::: RECORD EXTRACTS :::
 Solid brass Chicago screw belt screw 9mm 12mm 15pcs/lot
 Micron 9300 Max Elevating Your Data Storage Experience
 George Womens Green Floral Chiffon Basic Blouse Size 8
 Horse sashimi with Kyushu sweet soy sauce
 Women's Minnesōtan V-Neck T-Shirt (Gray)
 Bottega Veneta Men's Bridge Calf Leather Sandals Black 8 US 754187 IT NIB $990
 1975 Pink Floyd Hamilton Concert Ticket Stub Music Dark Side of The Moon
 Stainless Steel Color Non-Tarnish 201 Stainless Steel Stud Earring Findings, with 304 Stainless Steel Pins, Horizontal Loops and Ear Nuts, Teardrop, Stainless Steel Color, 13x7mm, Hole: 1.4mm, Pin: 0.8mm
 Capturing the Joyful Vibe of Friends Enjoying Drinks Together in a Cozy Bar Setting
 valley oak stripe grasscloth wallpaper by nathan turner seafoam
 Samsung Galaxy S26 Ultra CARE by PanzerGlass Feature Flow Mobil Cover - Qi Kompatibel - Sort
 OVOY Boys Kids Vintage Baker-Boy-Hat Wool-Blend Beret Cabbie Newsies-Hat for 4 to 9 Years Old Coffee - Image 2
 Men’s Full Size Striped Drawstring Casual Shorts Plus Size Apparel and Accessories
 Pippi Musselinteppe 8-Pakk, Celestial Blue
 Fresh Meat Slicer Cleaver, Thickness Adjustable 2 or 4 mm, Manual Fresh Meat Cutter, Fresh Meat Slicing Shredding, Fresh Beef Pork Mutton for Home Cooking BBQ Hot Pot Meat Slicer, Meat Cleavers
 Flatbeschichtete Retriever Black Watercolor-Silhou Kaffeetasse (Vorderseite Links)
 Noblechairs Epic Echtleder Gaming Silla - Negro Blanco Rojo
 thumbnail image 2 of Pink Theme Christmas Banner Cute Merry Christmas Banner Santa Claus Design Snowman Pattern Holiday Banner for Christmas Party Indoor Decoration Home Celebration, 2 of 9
:::
*WORK TO COMPLETE*.
Please make an exact copy of the entries, down to the last character.

*ANSWER TO THIS PROBLEM*.
 Solid brass Chicago screw belt screw 9mm 12mm 15pcs/lot
 Micron 9300 Max Elevating Your Data Storage Experience
 George Womens Green Floral Chiffon Basic Blouse Size 8
 Horse sashimi with Kyushu sweet soy sauce
 Women's Minnesōtan V-Neck T-Shirt (Gray)
 Bottega Veneta Men's Bridge Calf Leather Sandals Black 8 US 754187 IT NIB $990
 1975 Pink Floyd Hamilton Concert Ticket Stub Music Dark Side of The Moon
 Stainless Steel Color Non-Tarnish 201 Stainless Steel Stud Earring Findings, with 304 Stainless Steel Pins, Horizontal Loops and Ear Nuts, Teardrop, Stainless Steel Color, 13x7mm, Hole: 1.4mm, Pin: 0.8mm
 Capturing the Joyful Vibe of Friends Enjoying Drinks Together in a Cozy Bar Setting
 valley oak stripe grasscloth wallpaper by nathan turner seafoam
 Samsung Galaxy S26 Ultra CARE by PanzerGlass Feature Flow Mobil Cover - Qi Kompatibel - Sort
 OVOY Boys Kids Vintage Baker-Boy-Hat Wool-Blend Beret Cabbie Newsies-Hat for 4 to 9 Years Old Coffee - Image 2
 Men’s Full Size Striped Drawstring Casual Shorts Plus Size Apparel and Accessories
 Pippi Musselinteppe 8-Pakk, Celestial Blue
 Fresh Meat Slicer Cleaver, Thickness Adjustable 2 or 4 mm, Manual Fresh Meat Cutter, Fresh Meat Slicing Shredding, Fresh Beef Pork Mutton for Home Cooking BBQ Hot Pot Meat Slicer, Meat Cleavers
 Flatbeschichtete Retriever Black Watercolor-Silhou Kaffeetasse (Vorderseite Links)
 Noblechairs Epic Echtleder Gaming Silla - Negro Blanco Rojo
 thumbnail image 2 of Pink Theme Christmas Banner Cute Merry Christmas Banner Santa Claus Design Snowman Pattern Holiday Banner for Christmas Party Indoor Decoration Home Celebration, 2 of 9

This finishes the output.